- Born: March 11, 1905 St. Louis, Missouri, U.S.
- Died: June 30, 1998 (aged 93) Los Gatos, California, U.S.
- Occupation: Theologian

= George Harold Dunne =

American theologian (1905–1998)

George Harold Dunne (March 11, 1905 – June 30, 1998) was an American theologian and Jesuit priest.

== Life ==
He was born on March 11, 1905 in St. Louis, Missouri in the United States. His relatives were the writers John Gregory Dunne and Dominick Dunne.

In the later stages of his life, he lived among the Jesuit community at Loyola Marymount University. He died on June 30, 1998 in Los Gatos, California, outside San Jose in California, United States.

He never married. He was survived by his six nieces and two nephews.

== Education ==
Dunne was a student of Chinese theology and language. He attended law school at Loyola Marymount University, from where he graduated in 1926.

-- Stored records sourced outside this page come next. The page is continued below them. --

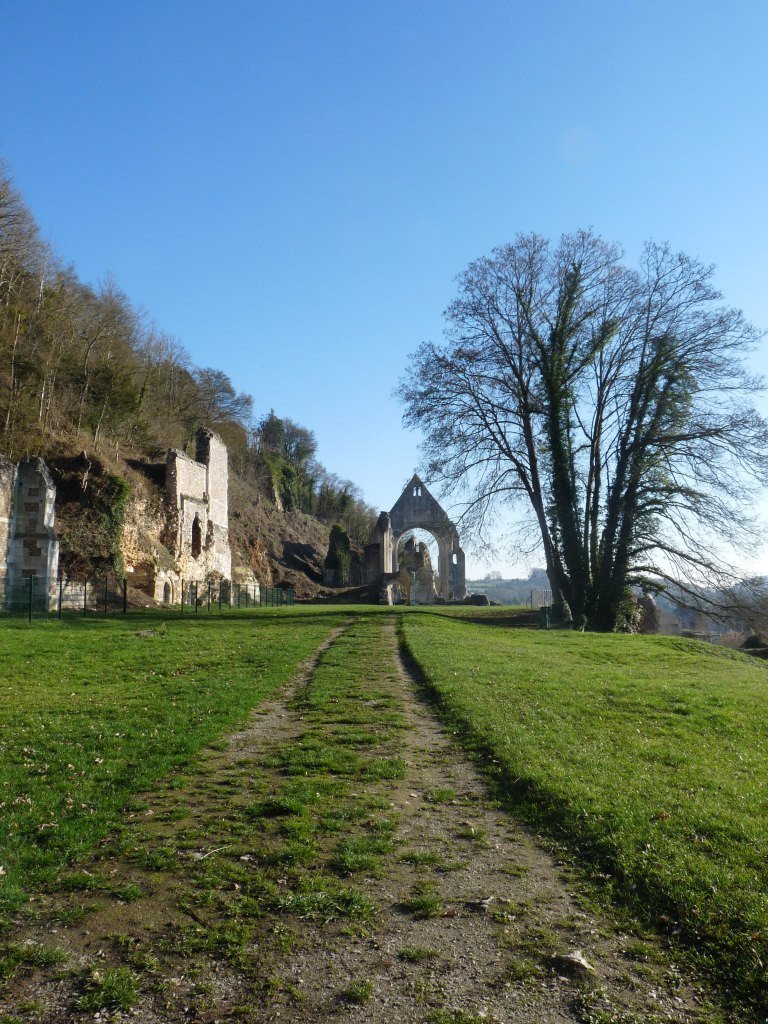 AbbayeNormandie's tweet photo. Nouveau site à découvrir ! 😀 #Eure : Prieuré de la Ste Trinité ds la charmante ville de Beaumont le Roger (Crédit 📷) https://t.co/mmWPy4zNre https://t.co/j9gMVJpb7m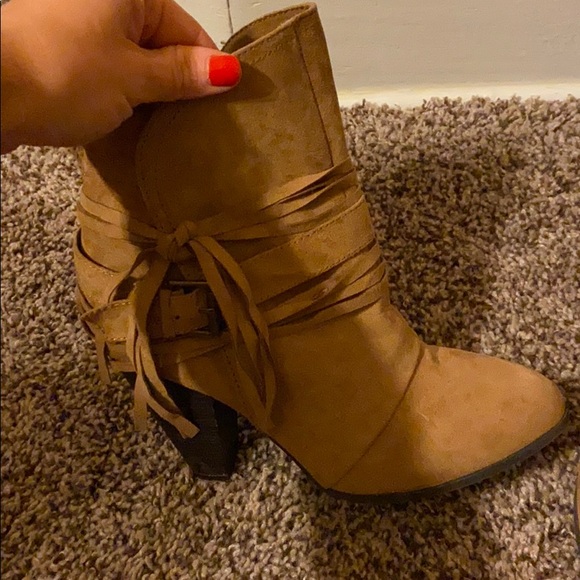 Brown ankle boot - Picture 2 of 5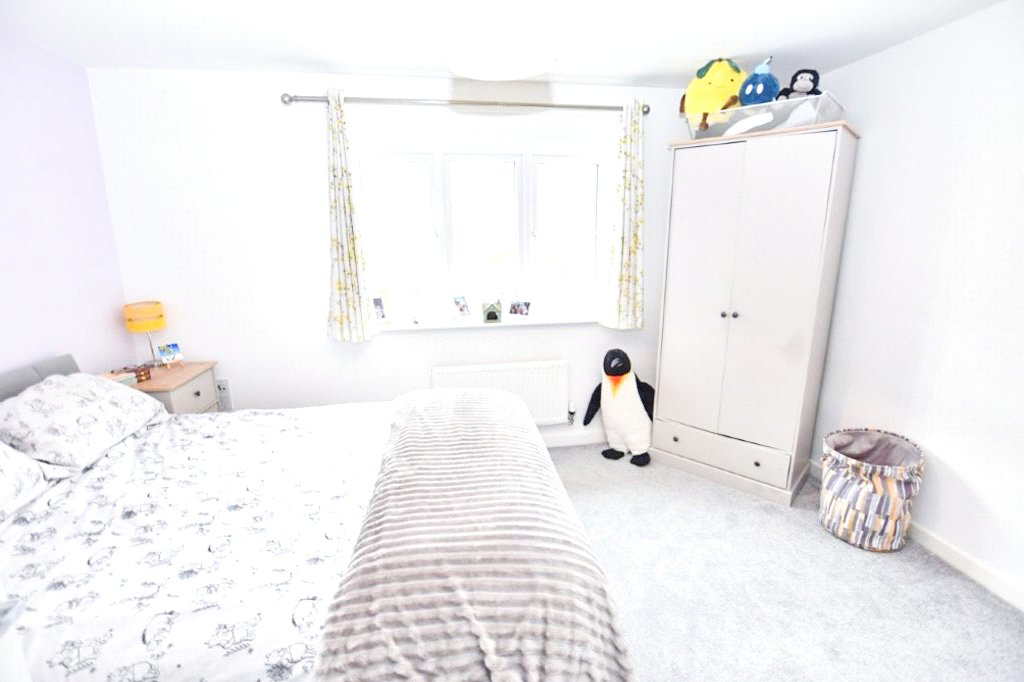Nightjar Close, Farnborough, Hampshire, GU14, photo 6
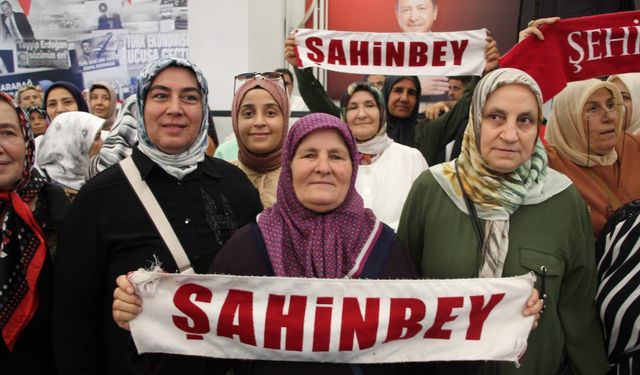 Gaziantep'te AK Parti'nin 23. kuruluş yıl dönümü kutlandı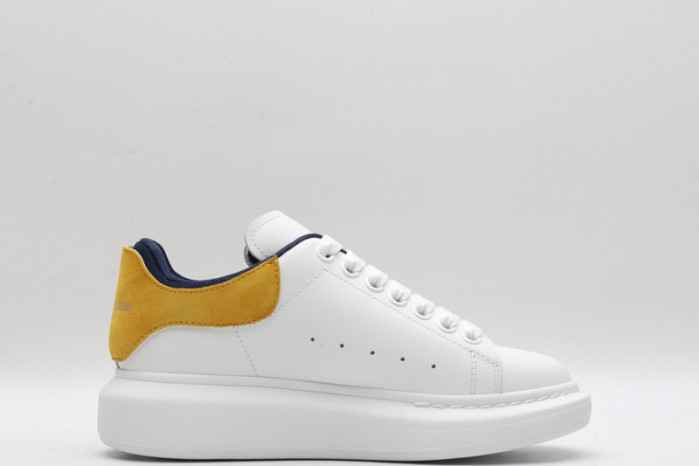 A1exa*der Mcqv*en SNEAKERS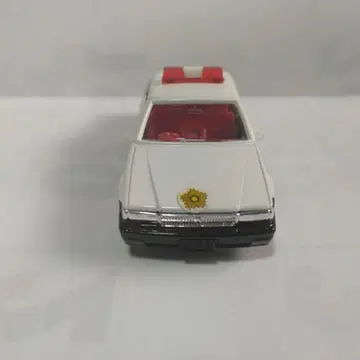 토미카 니가타현경 닛산 세드릭 4DOOR HT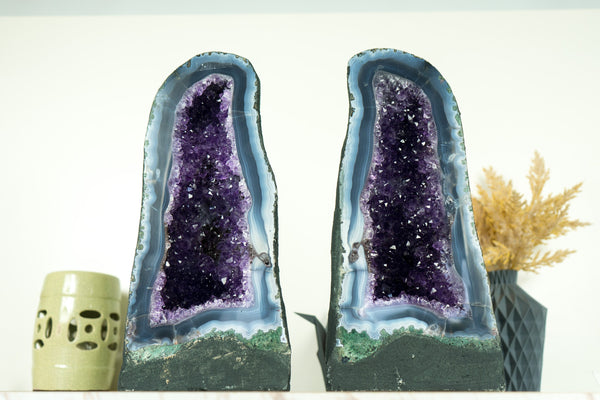 Buch-Matching-Paar seltener weißer und blauer Spitzenachate mit dunkelvioletten Amethyst-Geoden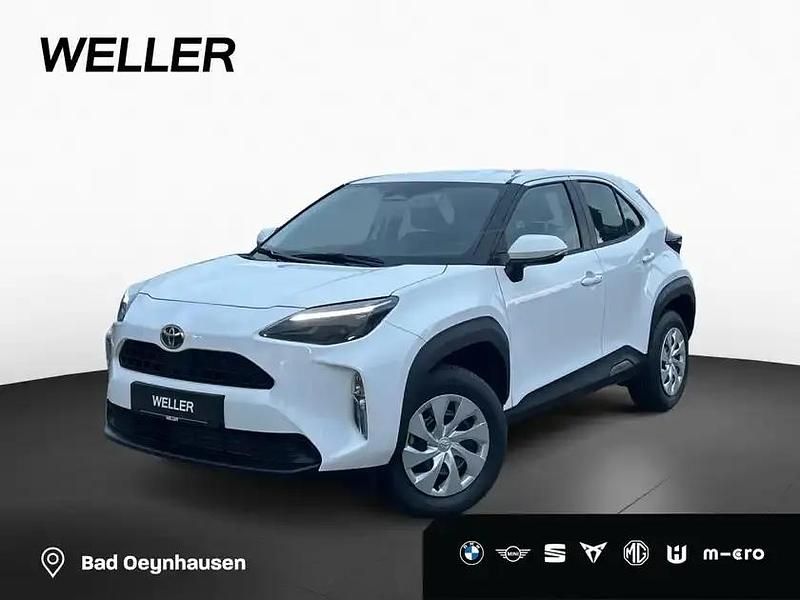 Schneeweiß (weiß) Neu 2025 Toyota Yaris Hybrid Kleinwagen | 23.950 € (Guter Preis) - Bild 1/4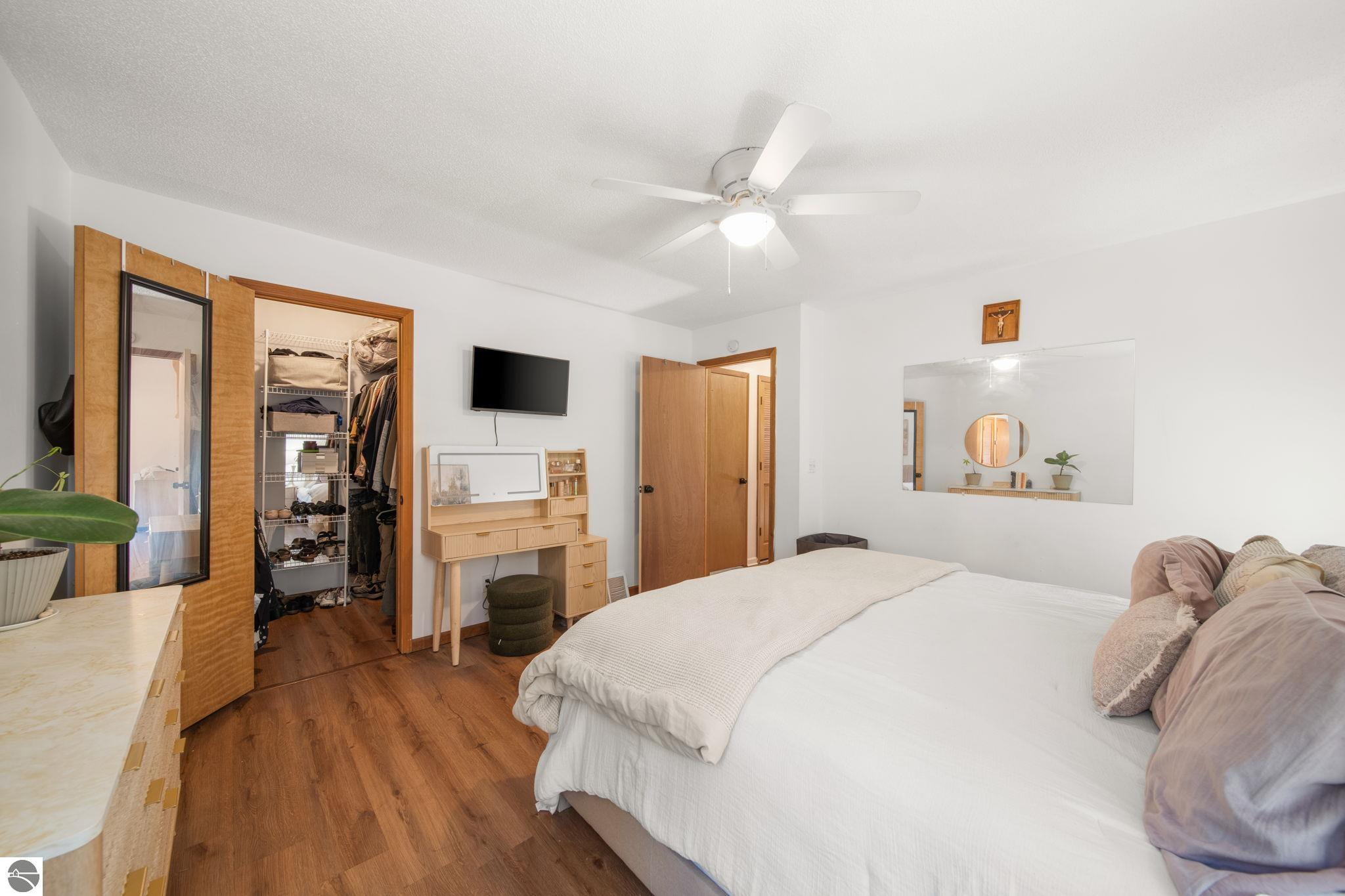 2477 Obervalden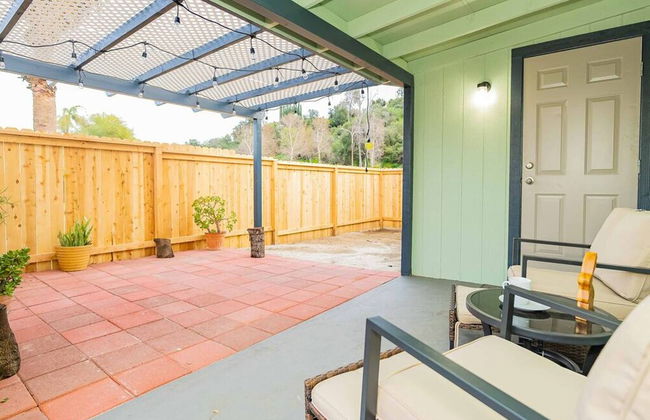 Elegant Country Retreat With Serene Patio Haven - Foto 30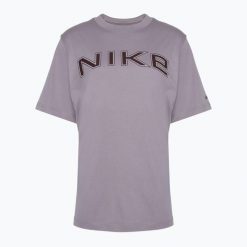 Koszulka damska Nike Sportswear Loose Graphic. Fioletowe bluzki damskie Nike, l, bez wzorów, sportowe, bez kołnierzyka, bez ramiączek. Za 149.99 zł.
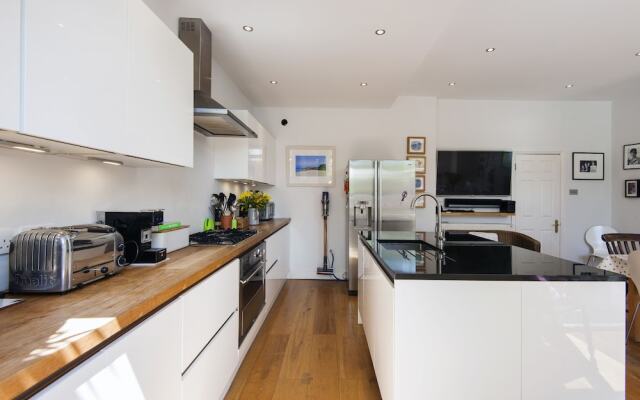 Enchanting Southfields Home by King George's Park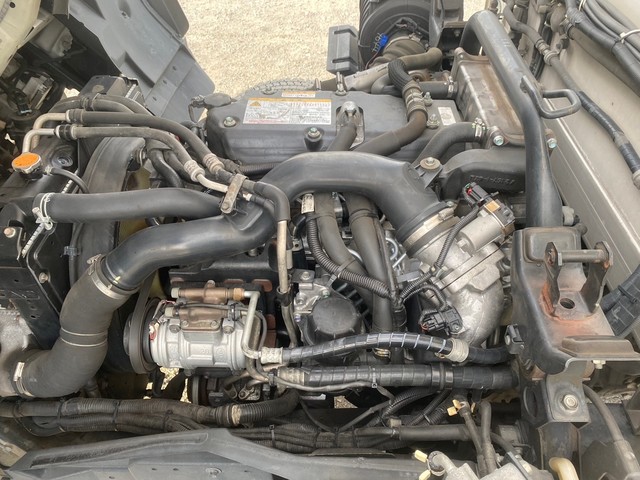 中古 いすゞ 冷凍バン 4トン(中型) H27年 TKG-FRR90S2の部品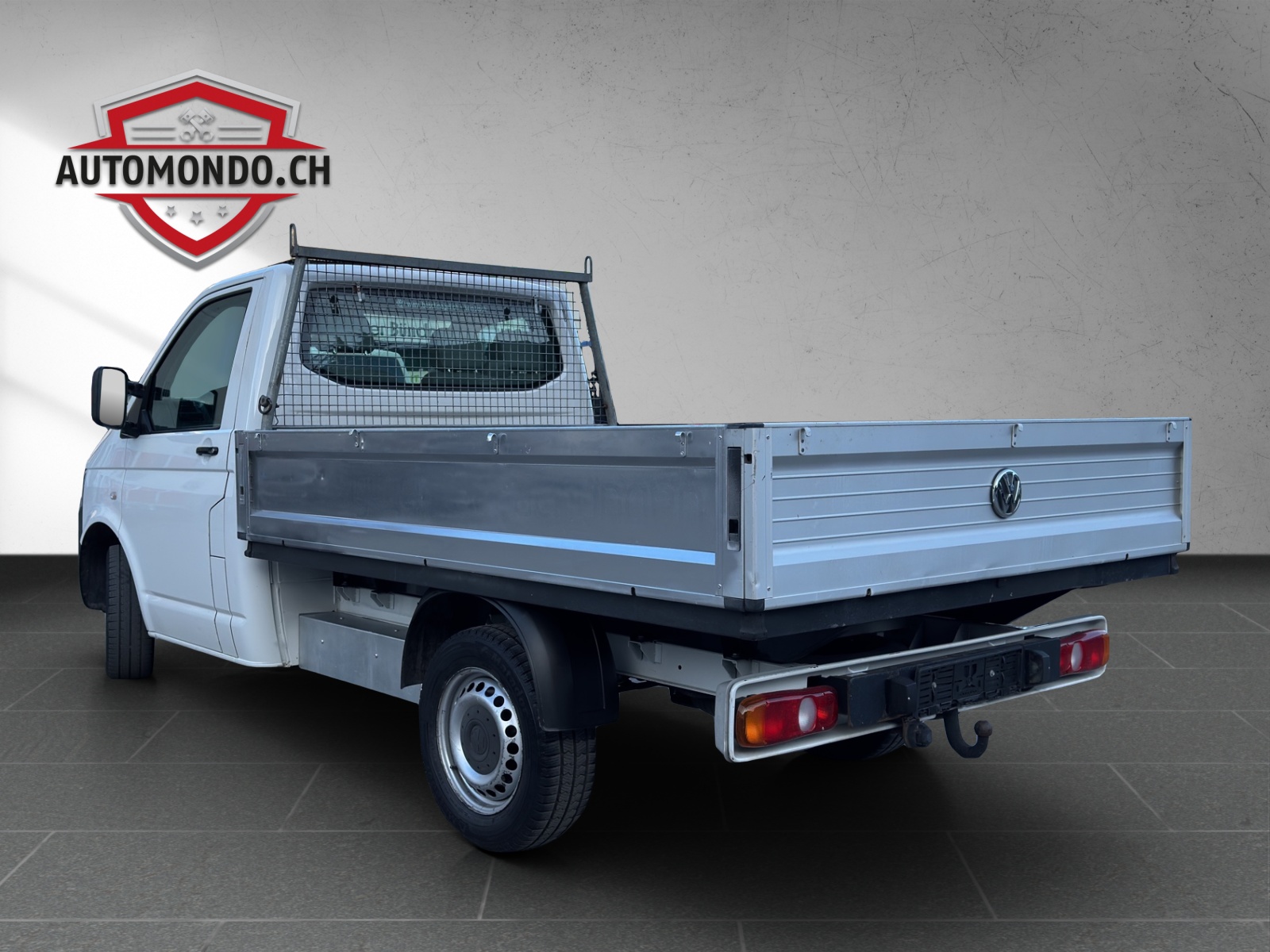 VW T5 2.0 TDI-image-4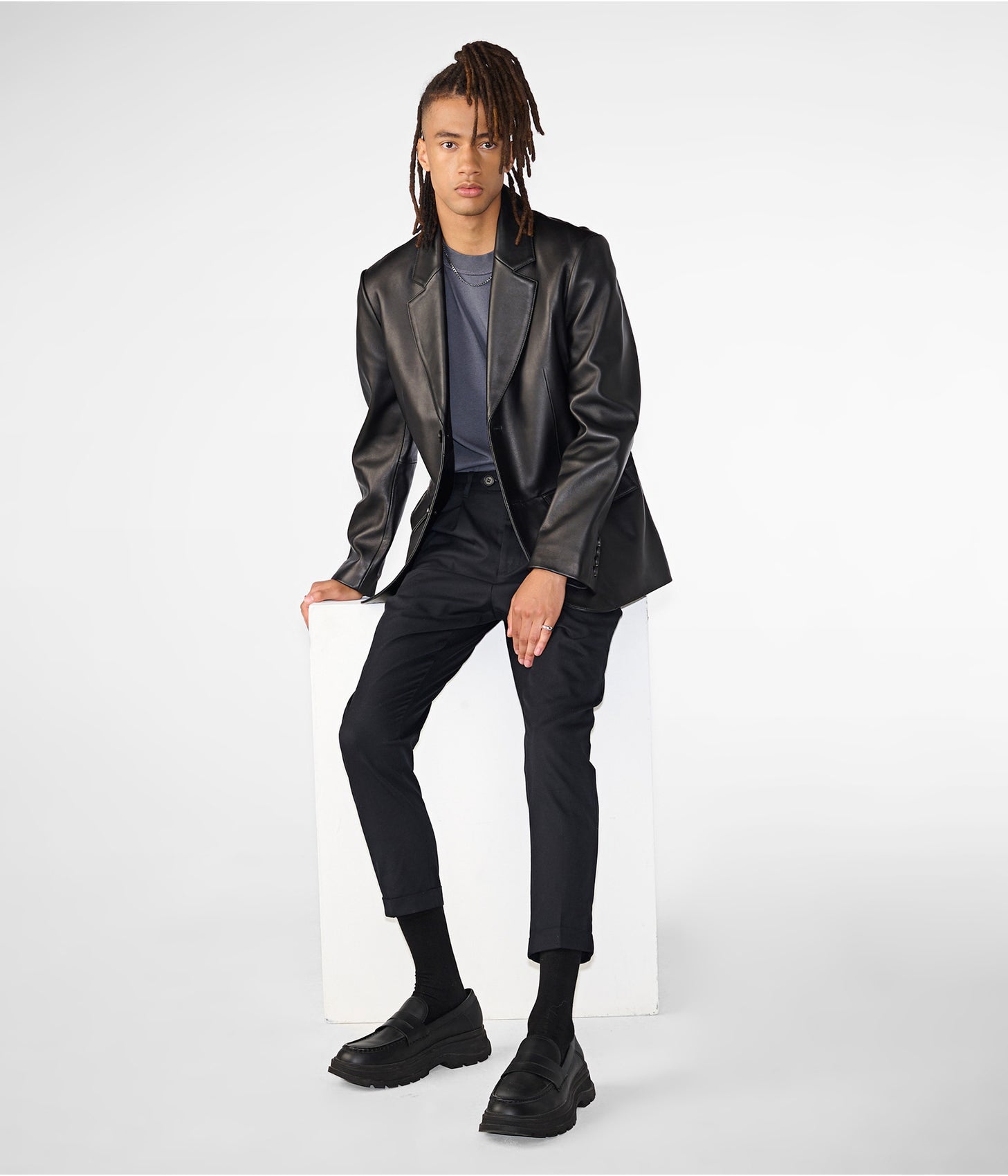 Men’s Classic Black Leather Blazer – Timeless & Stylish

He completed his master's degree from Gonzaga University in 1932. He received a doctorate in international relations in 1944 from the University of Chicago.

== Career ==
Dunne's first academic position was at the University of St. Louis, but his criticism of the policies of racial segregation at the university resulted in his dismissal. He then transferred to Loyola University in Los Angeles, where he was dismissed again, this time because of his support of a strike of the stage employees' union. He eventually served at Georgetown University and became the director of the university's program at Fribourg, Switzerland.

He retired from his teaching career in 1985. He was a longtime contributor to America, a Jesuit review magazine.

== Legacy ==

He was an outspoken critic of racial segregation in the United States way back in the 1940s when most of mainstream America was in favor of racial segregation. His belief in racial equality led him to be the first director of the ecumenical Committee on Society, Development, and Peace.

He is also remembered today for his book Generation of Giants: The Story of the Jesuits in China in Ming Dynasty, which recounted the story of early Jesuit missions in China to a wider audience.

== Bibliography ==
He is the author of a number of notable books:

- King's Pawn: The Memoirs of George H. Dunne - King's pawn : the memoirs of George H. Dunne
- Generation of Giants: The Story of the Jesuits in China in Ming Dynasty - Generation of giants; the story of the Jesuits in China in the last decades of the Ming dynasty
- The right to development: Topics in moral argument - The right to development
- Religion and American Democracy: A Reply to Paul Blanshard's Letter - Religion and American democracy : a reply to Paul Blanshard's American freedom and Catholic power
- Catholic Social Doctrine and World Peace
- Christian Advocacy and Labor Strife in Hollywood

=== Generation of Giants ===

The book Generation of Giants: The Story of the Jesuits in China in Ming Dynasty is perhaps his most notable work. In 1926, he entered the Jesuits, and in 1932 was sent to China where he worked for four years. The experience would later be reflected in the book Generation of Giants, about the inculturating efforts of early Jesuit missionaries to China like Matteo Ricci.